Pierre Pinaud : De mon côté, en choisissant Catherine pour son talent et son élégance, c’était pour mieux démontrer le savoir-faire typiquement français dans le milieu de la rose. Catherine a, dans sa façon de parler et de jouer, cette graine de folie qui convenait parfaitement à son personnage. J’ai aussi été chanceux, car les valeurs véhiculées dans le scénario lui convenaient parfaitement. Mon film, c’est la lutte contre la production industrielle des roses en provenance de Chine et de Roumanie qui, à moindre coût, menace tout l’aspect artisanal de cette culture qui doit être préservée. Le défi, c’était de montrer en 90 minutes toutes les étapes de la production de cette fleur qui s’étend sur une année.

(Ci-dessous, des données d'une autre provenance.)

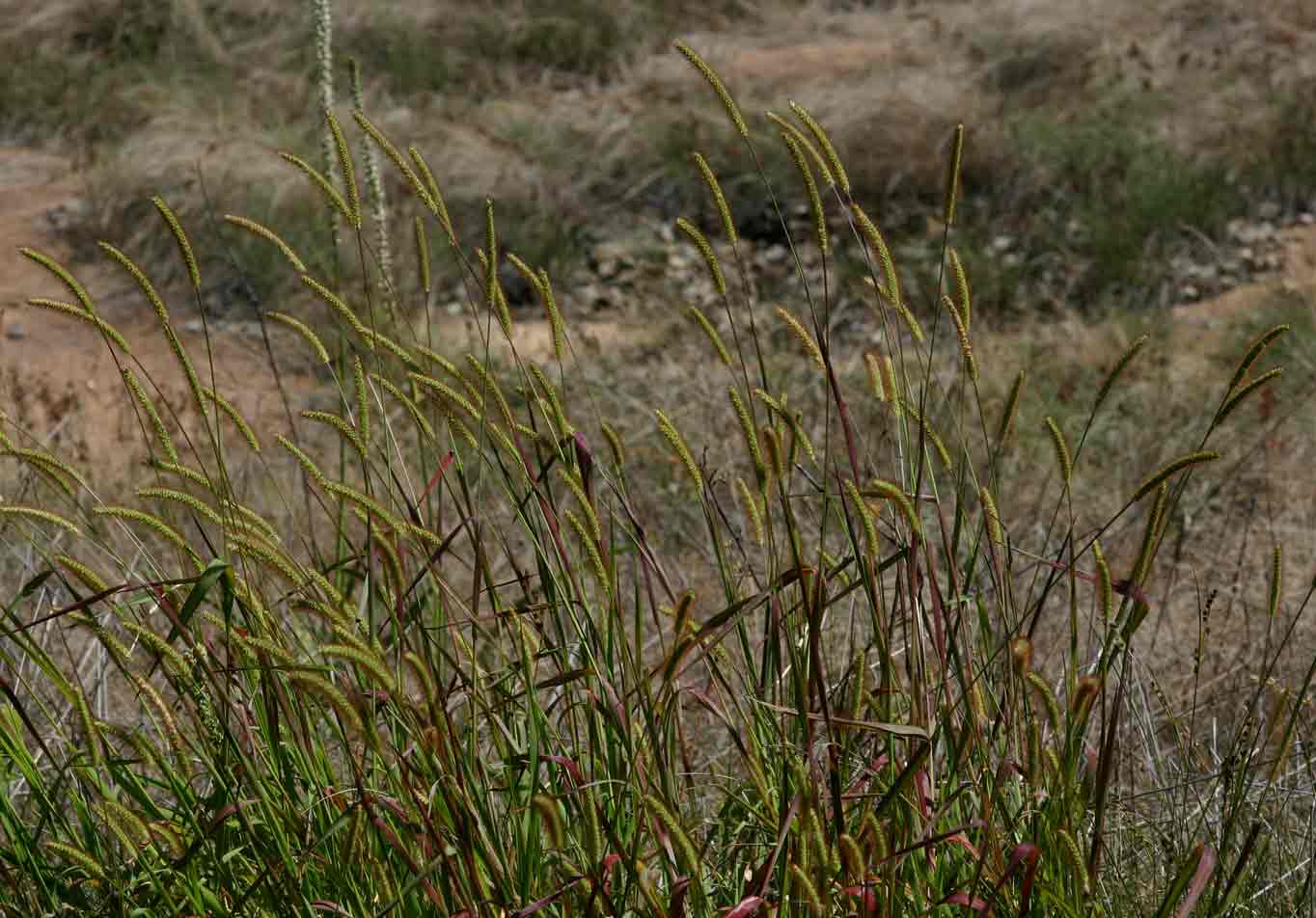 Setaria pumila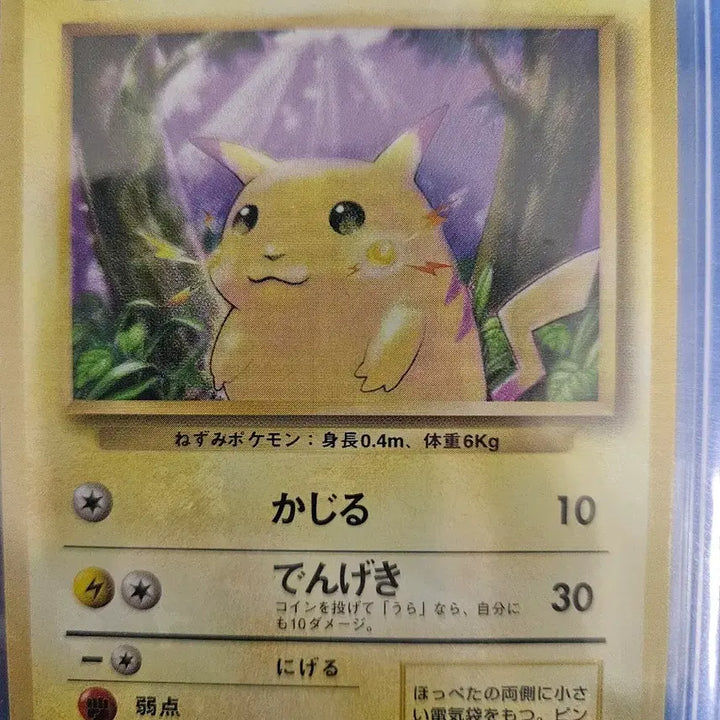 [BUNJANG] Pokemon Card Pikachu 1996 1st Edition Japanese / 포켓몬 카드 1996 피카츄 초판 일판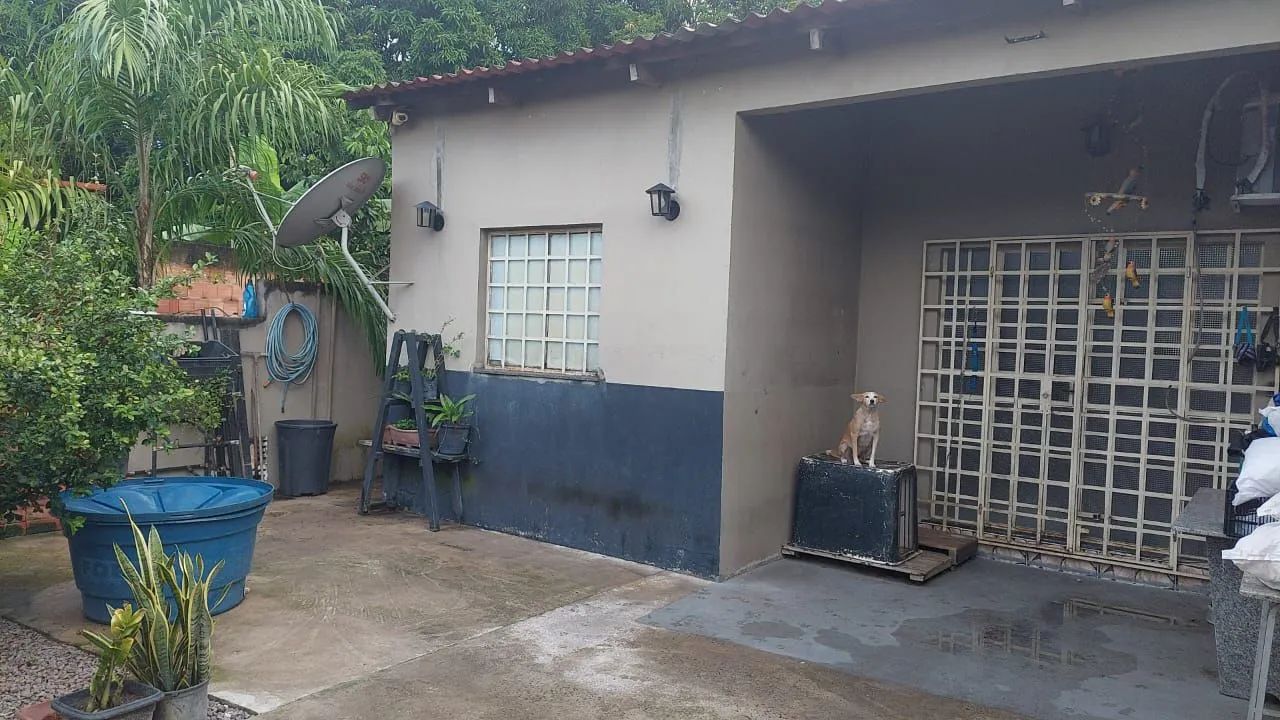 Foto - Manaus - Tancredo Neves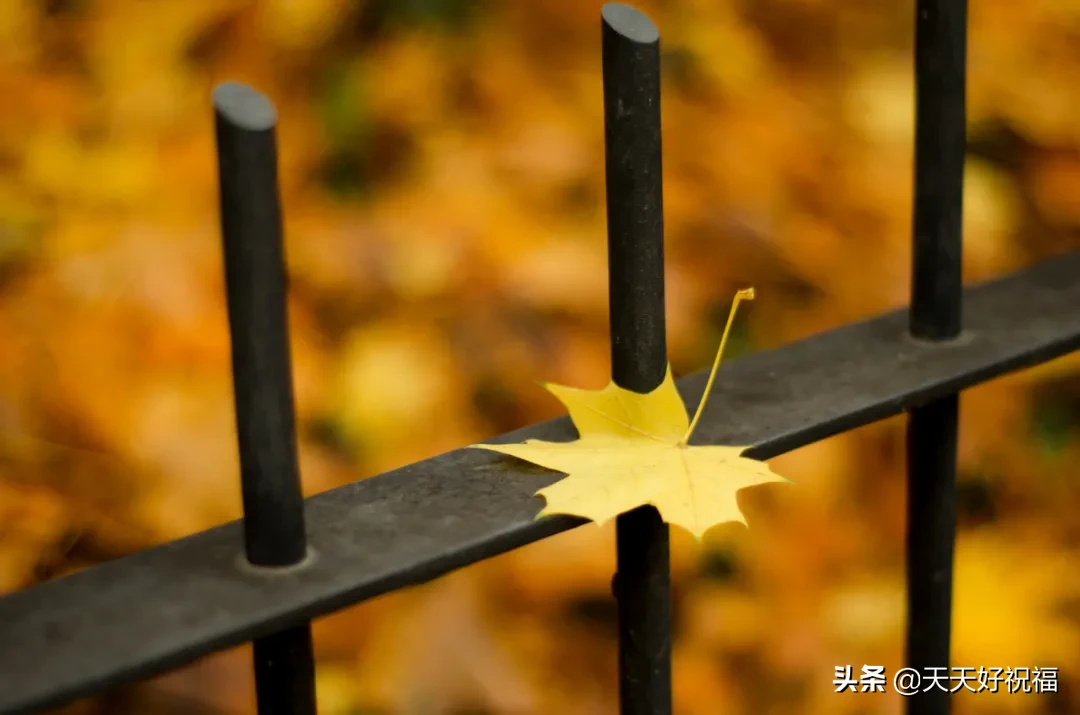 简短抖音点赞最火最高句子（抖音能让人狂赞的说说） 第9张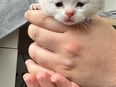 BKH Kitten suchen neues zuhause in 34132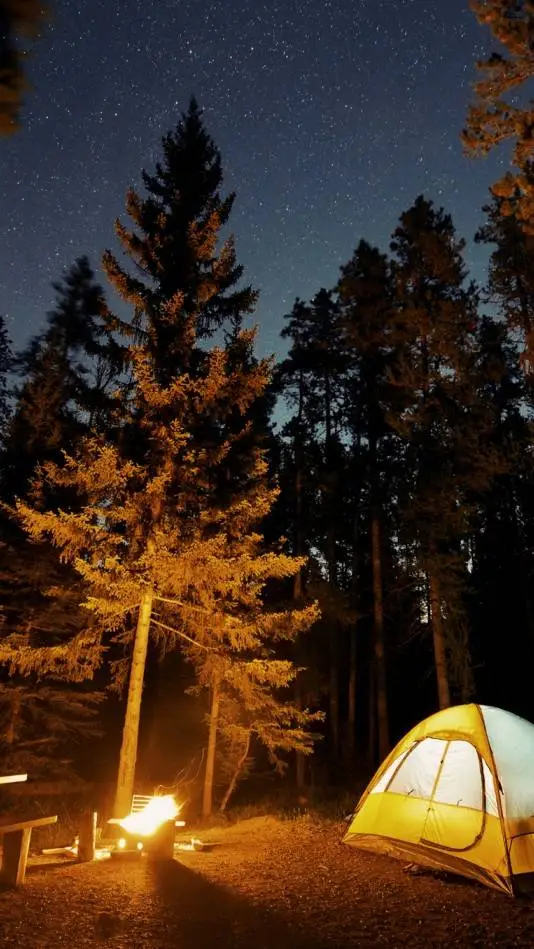 ai character: horror camping! background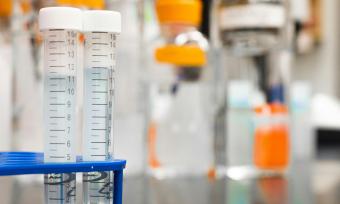 Photo of a lab counter showing test tubes and jars with liquid. 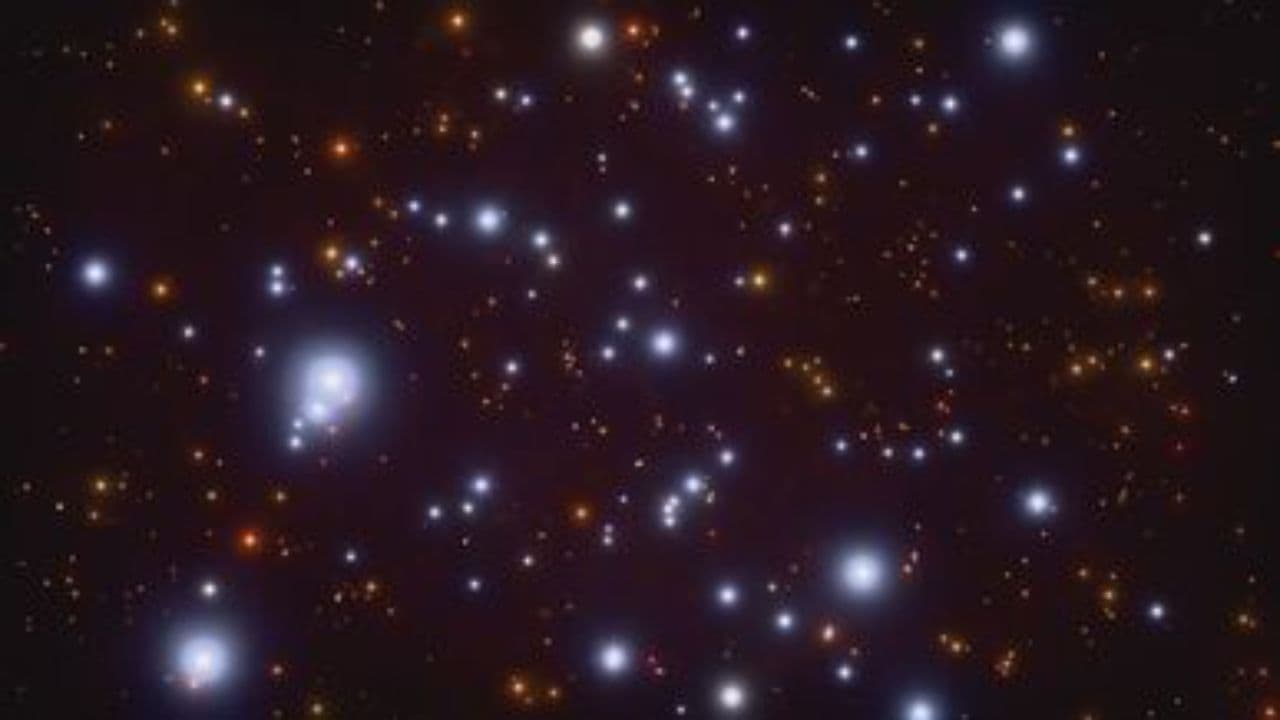 93 Eternal Reign of the Holy King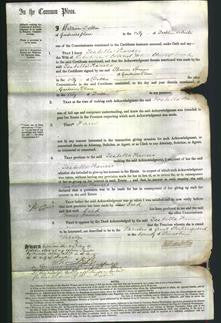 Court of Common Pleas - Isabella Frances Wood-Original Ancestry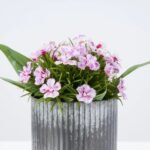Real Touch Mini Dianthus Wildflowers in Galvanized Metal Tin - 2 Colors - Image 3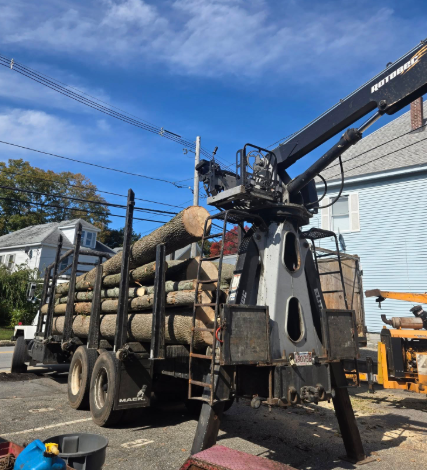 Logging truck with crane loading cut logs outdoors under a blue sky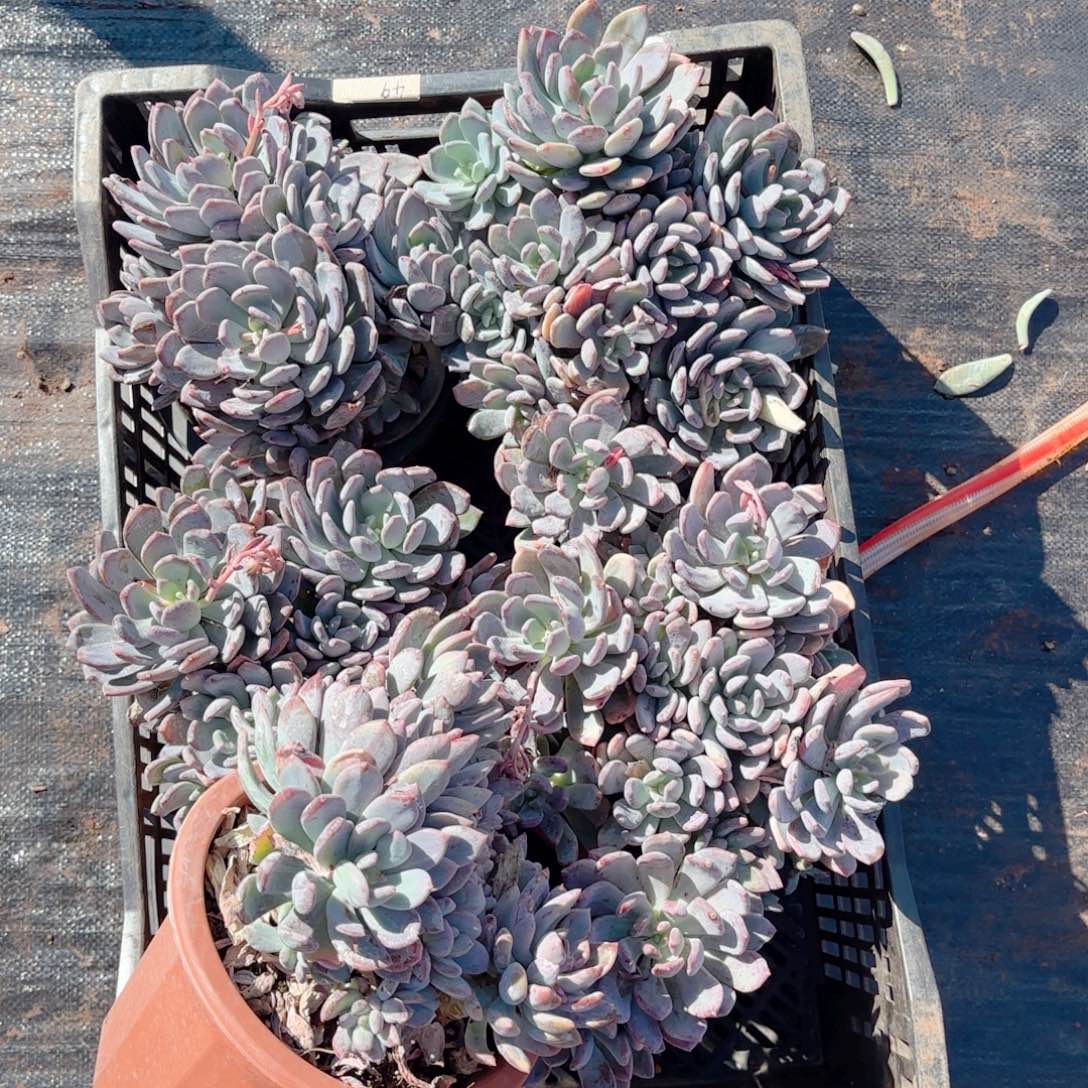 灰姑娘。 5颗。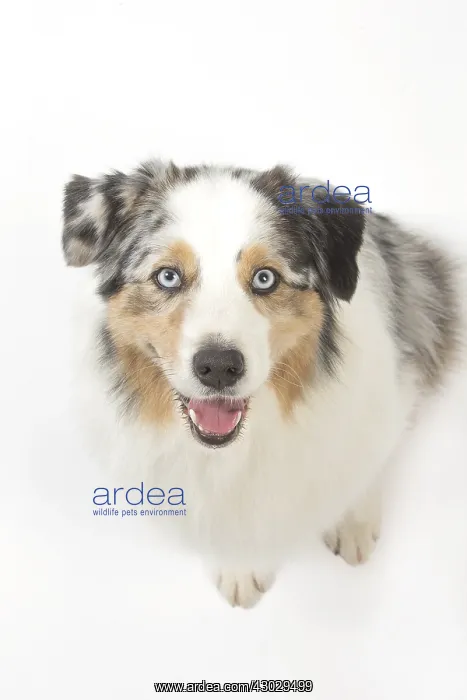  : Australian Shepherd Dog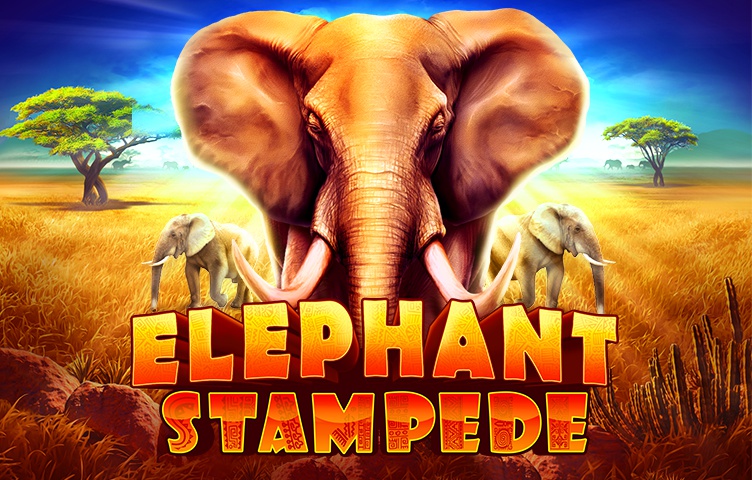 Elephant Stampede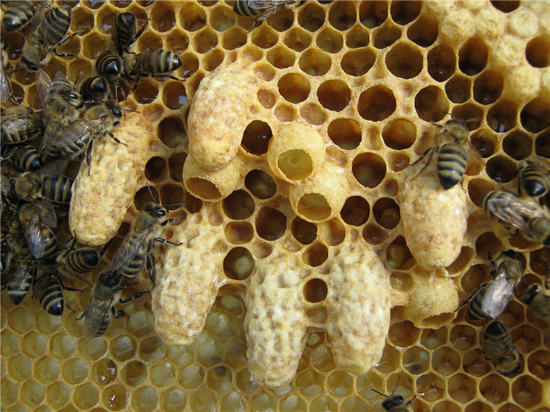 В Бахчисарайском районе пасечники украли 30 пчелиных ульев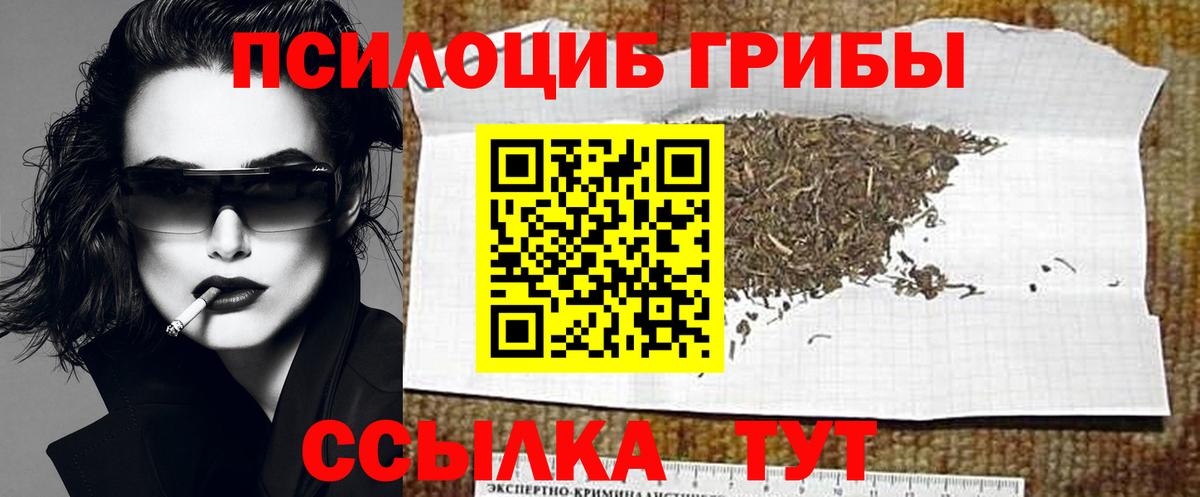 Галлюциногенные грибы ЛСД Орёл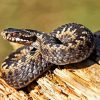 Common Adder Diamond Painting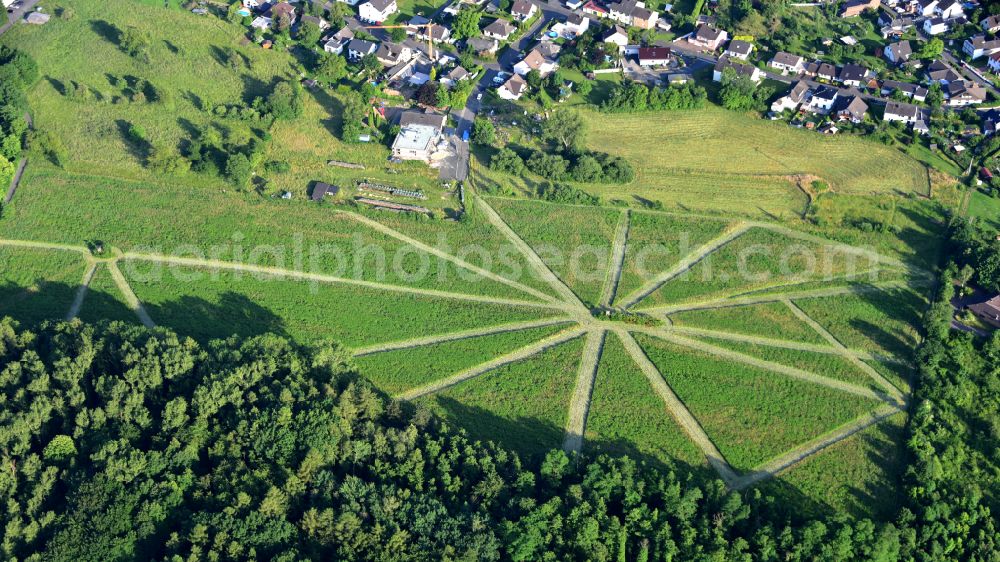 Sankt Katharinen (Landkreis Neuwied) from the bird's eye view: Agricultural area with hunting aisles in the state Rhineland-Palatinate, Germany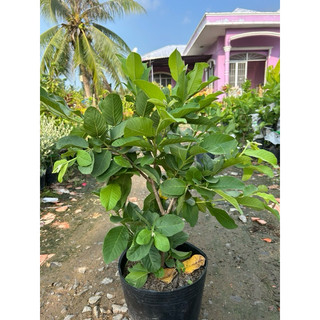 Chậu nhựa mềm Ổi Nữ Hoàng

Il fallait donc donner du rythme et une certaine modernité à l’ensemble.
Le Clap : Catherine, comment avez-vous trouvé le bon ton pour personnifier Ève Vernet?
Catherine Frot : Je n’ai pas de méthode de travail. Pour tous mes rôles, il y a des ingrédients dont il faut tenir compte, s’en servir adéquatement, comme les vêtements, l’attitude de base du personnage dans le scénario. Je suis partie de ça. L’apparence physique, son allure garçonne avec les vestes de son père, ses bottes, sa pipe et une féminité à l’ancienne avec les lavallières et les chemisiers. Il y a quelque chose de très anglo-saxon chez Ève et dans La Fine Fleur. On m’a même fait remarquer que j’avais quelque chose de Judy Dench dans le film, et c’est un fort beau compliment.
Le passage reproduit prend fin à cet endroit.